VII. BIOGRAPHIES Dalina Johari was born in Kuala Lumpur, Malaysia on May 25, 1976. She graduated from the University of Liverpool, UK with honours degree in Electrical Engineering in 1999. She is currently pursuing a Master’s degree in power system at the Universiti Teknologi MARA Malaysia. Her research interests include lightning protection system, artificial neural network and evolutionary programming techniques.
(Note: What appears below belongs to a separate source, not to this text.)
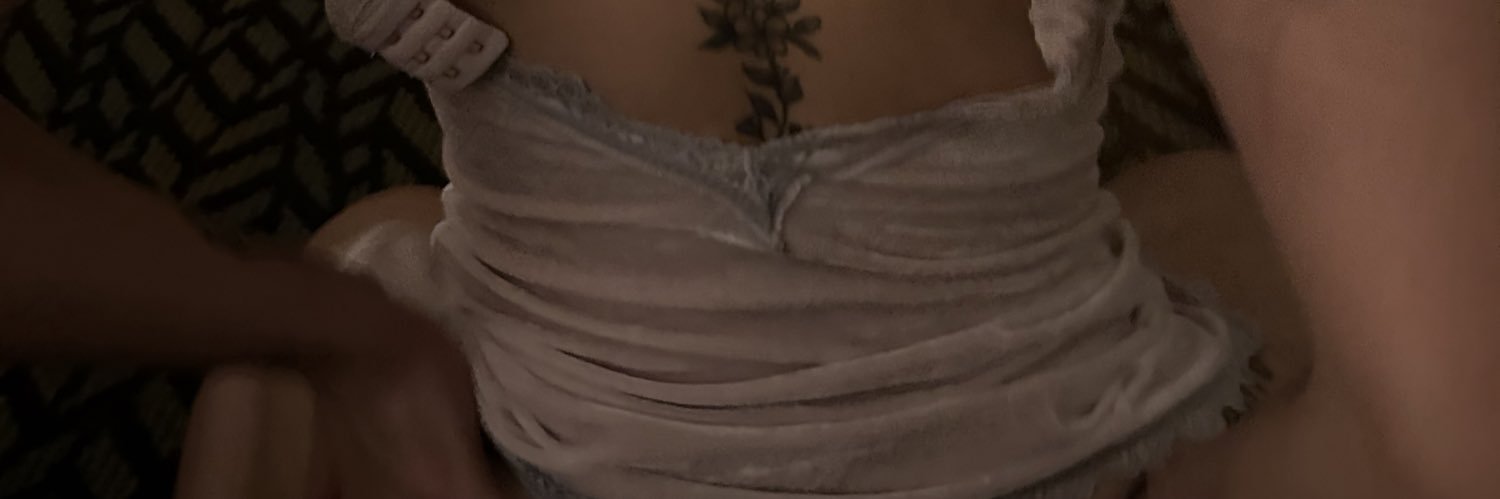 Thickyvicky27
Dr. Titik Khawa Abdul Rahman received BSc E.E. (Hons) and PhD on 1988 from Loughborough University of Technology and University of Malaya, Malaysia on 1996 respectively. She is an Assoc. Prof. at the Faculty of Electrical Engineering and currently appointed as the Head of Quality Academic Assurance, Academic Affair Division of Universiti Teknologi MARA Malaysia. She has written more 80 technical papers and also supervising post-graduate students. Her research interest includes volatge profile studies, artificial neural network, Evolutionary Computation such as Evolutionary Programming and Genetic Algorithm, Artifical Immune System (AIS), Economic Dispatch and Loss Minimization. Dr. Ismail Musirin obtained Diploma of Electrical Power Engineering in 1987, Bachelor of Electrical Engineering (Hons) in 1990; both from Universiti Teknologi Malaysia, MSc in Pulsed Power Technology in 1992 from University of Strathclyde, United Kingdom and PhD in Electrical Engineering from Universiti Teknologi MARA, Malaysia in 2005. He has published 2 books and more than 80 technical papers in the international and national conferences, and also in the international journals. He is a reviewer of IEEE transactions and IET journals. He is also appointed as the permanent reviewer for the World Scientific and Engineering Academy and Society (WSEAS) centered in Greece. His research interest includes power system stability, optimization techniques, distributed generator and artificial intelligence. He is also a member of IEEE, IEEE Power Engineering Society and Artificial Immune System Society (ARTIST).